許清如看著她做戲模樣,心裡冷笑,論演技,她看過的電視劇沒有一百也有五十,難道還比不過一個黃毛丫頭?
她暗地裡狠狠捏了一把自己的大腿,疼得淚水在她眼眶中打轉。
蕭行之過來時就聽到許清如哽咽的聲音,「我只知道自己是爺爺養大的,是爺爺親自教我認釀酒的原料,我生病了,是爺爺去叫郎中來看我的,如果不是爺爺去了……」
她也不會在許家毫無立足之地,任人欺凌。
想到這裡,許清如這個身體的意識也不禁悲從中來,身後的蕭行之看到她如此悲傷,頓時有些心疼。
張春卻是看傻眼了,這還是以前那個一棍子打不出屁來的許清如?別不會是別人假扮的吧。
她急中生智,在門口大喊大哭,「奶奶都是為你好啊,你明明已經和張家大哥定了婚約,怎能三心二意。」
似乎是不解恨,她還衝著許清如啐了口唾沫,「許家可沒有那種楊花水性的女子,你要是敢不回去——」
話音未落,院子內傳來一婦人飽含怒氣的嗓音,「你們給我進來說話。」
許請如看著張春眼裡的得意,內心冷笑,她倒想看看,這個繼姐能做到哪般。
蕭夫人坐在主位上,氣得心口起伏不定,蕭行之上前為她拍了拍後背,「娘,勿聽信他人的一口之言。」
他是相信許清如說的話,要不一個弱女子也不會被逼的進入深山老林,要可知道,後山的深林,村民沒有成群結伴,那是不敢踏進一步的,大蟲雖少見,但野豬卻是時常有的。
三個壯碩的男子碰上一頭野豬,也只有被撞死的份,更何況是一個手無寸鐵的姑娘。
可蕭夫人已經被張春的話給氣得進氣的少,出氣的多,看著實在讓人心驚膽顫。
許清如趕緊去廚房端了一碗溫水過來,「婆母,您先喝水,消消氣。」
話還未說完,那碗水就被蕭夫人給反手甩到她的身上,水浸濕了她的套褲,陶碗也掉在地上碎得四分五裂。
許清如還有心情的想著,這該是她最好的褲子了,要是毀了,就真的出不了門了。
張春眼眸一閃,嘴角微微勾起,更是不停的在蕭夫人面前不斷描述她這個妹妹和村長家的兒子張耀可是青梅竹馬,郎有情妹有意,二人也在這個月早就定親了。
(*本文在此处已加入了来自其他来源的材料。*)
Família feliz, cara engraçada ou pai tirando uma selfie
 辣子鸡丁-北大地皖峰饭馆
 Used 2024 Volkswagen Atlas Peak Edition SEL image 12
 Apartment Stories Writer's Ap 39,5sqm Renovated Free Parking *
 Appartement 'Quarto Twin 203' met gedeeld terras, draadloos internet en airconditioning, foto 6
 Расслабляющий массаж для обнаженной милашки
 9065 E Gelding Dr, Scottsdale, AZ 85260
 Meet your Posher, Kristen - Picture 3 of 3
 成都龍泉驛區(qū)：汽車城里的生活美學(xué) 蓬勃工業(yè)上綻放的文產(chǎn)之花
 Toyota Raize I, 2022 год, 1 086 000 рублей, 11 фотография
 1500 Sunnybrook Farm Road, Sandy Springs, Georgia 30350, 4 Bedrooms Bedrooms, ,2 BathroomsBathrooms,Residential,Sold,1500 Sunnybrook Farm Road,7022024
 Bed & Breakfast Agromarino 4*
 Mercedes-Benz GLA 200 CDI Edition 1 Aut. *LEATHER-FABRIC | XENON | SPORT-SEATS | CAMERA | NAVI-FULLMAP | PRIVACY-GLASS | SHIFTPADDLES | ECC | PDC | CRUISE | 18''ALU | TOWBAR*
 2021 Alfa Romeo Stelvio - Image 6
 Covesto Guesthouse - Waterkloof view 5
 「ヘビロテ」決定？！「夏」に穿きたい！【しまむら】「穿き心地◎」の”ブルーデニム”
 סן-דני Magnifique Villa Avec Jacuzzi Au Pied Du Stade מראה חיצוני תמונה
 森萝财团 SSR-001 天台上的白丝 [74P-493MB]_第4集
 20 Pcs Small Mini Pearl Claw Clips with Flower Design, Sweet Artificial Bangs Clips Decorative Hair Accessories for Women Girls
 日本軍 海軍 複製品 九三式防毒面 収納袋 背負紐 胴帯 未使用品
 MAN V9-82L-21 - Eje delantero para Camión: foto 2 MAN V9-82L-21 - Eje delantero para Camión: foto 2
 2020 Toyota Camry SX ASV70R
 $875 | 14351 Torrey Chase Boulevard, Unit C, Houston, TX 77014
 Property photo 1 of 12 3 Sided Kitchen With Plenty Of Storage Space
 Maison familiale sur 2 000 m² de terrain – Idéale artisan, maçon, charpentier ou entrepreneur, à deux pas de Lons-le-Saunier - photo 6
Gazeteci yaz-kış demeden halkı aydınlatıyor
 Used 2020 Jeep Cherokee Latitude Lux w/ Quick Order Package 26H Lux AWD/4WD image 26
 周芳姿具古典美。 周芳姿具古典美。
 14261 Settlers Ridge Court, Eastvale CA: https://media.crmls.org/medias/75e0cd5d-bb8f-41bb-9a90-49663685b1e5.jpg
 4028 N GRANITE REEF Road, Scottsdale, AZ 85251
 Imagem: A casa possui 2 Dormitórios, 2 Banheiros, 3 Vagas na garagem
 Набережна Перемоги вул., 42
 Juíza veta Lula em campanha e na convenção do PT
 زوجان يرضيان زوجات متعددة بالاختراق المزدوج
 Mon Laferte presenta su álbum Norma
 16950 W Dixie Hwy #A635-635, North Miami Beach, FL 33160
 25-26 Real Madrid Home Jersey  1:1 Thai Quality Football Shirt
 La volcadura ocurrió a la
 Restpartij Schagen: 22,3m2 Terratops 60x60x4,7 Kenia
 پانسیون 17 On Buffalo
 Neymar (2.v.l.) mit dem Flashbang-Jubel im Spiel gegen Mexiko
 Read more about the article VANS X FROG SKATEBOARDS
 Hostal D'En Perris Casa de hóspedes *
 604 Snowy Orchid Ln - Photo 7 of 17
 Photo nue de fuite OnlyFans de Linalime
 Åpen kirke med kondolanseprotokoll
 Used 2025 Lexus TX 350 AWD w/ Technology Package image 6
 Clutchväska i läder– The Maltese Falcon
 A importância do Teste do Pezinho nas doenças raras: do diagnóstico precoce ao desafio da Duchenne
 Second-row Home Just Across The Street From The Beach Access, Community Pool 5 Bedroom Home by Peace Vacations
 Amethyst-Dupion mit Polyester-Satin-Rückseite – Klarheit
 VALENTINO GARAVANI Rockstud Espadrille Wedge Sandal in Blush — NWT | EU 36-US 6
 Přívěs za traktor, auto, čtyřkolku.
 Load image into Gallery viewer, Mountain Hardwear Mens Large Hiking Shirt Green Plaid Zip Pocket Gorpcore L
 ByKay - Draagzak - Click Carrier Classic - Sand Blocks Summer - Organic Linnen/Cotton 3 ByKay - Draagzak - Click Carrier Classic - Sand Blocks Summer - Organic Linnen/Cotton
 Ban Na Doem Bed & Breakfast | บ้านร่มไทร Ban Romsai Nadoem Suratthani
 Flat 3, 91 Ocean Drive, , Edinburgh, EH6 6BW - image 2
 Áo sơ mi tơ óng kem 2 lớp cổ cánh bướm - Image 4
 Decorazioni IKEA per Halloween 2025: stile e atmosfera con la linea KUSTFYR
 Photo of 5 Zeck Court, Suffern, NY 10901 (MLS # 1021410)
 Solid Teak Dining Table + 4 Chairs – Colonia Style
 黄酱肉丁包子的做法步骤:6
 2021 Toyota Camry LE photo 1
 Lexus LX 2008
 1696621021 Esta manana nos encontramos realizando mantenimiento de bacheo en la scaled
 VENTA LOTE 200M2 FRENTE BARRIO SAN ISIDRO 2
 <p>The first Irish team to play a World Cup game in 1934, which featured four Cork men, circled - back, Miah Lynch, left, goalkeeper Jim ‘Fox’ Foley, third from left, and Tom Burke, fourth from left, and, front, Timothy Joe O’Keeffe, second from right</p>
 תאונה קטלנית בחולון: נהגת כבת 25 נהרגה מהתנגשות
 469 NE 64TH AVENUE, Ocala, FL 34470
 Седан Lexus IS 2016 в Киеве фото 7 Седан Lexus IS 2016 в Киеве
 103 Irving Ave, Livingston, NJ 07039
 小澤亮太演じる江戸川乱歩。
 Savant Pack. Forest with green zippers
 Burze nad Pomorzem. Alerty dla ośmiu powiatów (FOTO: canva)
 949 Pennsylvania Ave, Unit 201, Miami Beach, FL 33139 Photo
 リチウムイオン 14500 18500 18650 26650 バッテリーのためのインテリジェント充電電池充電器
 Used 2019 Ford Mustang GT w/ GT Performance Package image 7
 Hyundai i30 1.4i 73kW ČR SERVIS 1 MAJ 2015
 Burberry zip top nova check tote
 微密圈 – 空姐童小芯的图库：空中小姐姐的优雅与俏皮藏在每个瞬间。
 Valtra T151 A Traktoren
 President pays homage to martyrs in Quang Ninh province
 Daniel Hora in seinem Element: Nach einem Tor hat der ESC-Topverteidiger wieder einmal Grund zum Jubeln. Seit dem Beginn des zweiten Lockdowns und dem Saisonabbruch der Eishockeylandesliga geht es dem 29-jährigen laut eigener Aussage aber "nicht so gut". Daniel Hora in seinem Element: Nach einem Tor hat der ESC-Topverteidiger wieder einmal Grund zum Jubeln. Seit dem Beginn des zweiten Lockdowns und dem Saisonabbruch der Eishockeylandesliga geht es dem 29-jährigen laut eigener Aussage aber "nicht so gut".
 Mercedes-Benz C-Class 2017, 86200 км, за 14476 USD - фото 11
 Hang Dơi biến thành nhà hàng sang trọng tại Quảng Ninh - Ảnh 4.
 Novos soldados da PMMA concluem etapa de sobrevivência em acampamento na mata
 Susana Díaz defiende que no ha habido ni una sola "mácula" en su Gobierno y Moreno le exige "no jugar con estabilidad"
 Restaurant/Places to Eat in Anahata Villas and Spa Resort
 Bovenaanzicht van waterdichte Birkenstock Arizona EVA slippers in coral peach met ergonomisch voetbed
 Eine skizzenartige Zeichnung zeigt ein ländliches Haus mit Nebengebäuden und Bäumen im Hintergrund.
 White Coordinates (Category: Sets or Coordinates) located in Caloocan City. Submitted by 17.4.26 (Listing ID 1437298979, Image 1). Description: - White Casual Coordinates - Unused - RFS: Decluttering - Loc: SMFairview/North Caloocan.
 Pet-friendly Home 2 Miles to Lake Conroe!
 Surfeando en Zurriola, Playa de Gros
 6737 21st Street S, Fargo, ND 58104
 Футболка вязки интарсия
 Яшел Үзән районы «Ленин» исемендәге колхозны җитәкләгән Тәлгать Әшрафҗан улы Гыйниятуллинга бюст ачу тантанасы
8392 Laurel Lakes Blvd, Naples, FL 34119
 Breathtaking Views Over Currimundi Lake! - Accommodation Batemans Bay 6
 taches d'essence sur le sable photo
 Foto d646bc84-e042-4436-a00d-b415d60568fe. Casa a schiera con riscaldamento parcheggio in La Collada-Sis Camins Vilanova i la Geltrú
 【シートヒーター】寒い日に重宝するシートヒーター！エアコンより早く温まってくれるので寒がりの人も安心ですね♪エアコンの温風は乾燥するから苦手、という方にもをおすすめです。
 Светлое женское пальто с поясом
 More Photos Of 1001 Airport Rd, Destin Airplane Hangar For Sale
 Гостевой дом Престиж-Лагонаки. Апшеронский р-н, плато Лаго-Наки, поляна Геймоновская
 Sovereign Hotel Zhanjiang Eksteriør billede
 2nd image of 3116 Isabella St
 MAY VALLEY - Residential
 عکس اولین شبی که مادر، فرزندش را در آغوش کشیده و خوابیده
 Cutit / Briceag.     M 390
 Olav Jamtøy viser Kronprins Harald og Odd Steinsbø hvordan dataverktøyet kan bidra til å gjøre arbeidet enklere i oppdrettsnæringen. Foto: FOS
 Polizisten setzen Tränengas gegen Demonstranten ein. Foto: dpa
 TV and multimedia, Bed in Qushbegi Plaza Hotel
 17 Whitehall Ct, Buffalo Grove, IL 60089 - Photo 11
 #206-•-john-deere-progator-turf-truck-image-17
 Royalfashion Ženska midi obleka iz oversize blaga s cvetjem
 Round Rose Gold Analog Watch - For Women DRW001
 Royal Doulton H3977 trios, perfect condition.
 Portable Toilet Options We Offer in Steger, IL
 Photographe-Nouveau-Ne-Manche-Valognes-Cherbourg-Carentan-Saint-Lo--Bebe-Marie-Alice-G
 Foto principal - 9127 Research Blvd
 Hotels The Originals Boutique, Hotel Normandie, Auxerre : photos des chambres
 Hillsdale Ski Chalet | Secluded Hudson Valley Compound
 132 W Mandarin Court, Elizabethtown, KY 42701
她還說了,蕭獵戶肯定是被她這個妹妹給騙了,趁現在村長家還不知道,讓蕭伯母同意放許清如家去。
蕭夫人本來就對許清如有意見,現在聽到張春的巧言巧語,更是堅信不疑,認為許清如是有意勾引蕭行之的。
「我們蕭家是絕不允許要一個品行不端的女子進門,行之,你趕緊讓她走,不要再進家來。」
張春聽到這句話,高興得差點跳起來,心裡歡喜。
這樣許清如就得乖乖嫁張耀去了,她和母親在小丘村就有靠山了,以後看誰還敢笑她是她母親的拖油瓶。
壓下嘴角的得瑟,張春站起來就想拉走許清如家去。
手剛碰到許清如的袖口,就看到蕭行之單腳膝蓋跪地,朝著蕭夫人開口,「娘親,我相信許清如的品行,還請娘親聽一聽她的解釋。」
蕭夫人心中怒火狂燒,她實在不理解,為何往常寡言少語冷情冷性的蕭行之,遇到一個鄉野丫頭就變了性子。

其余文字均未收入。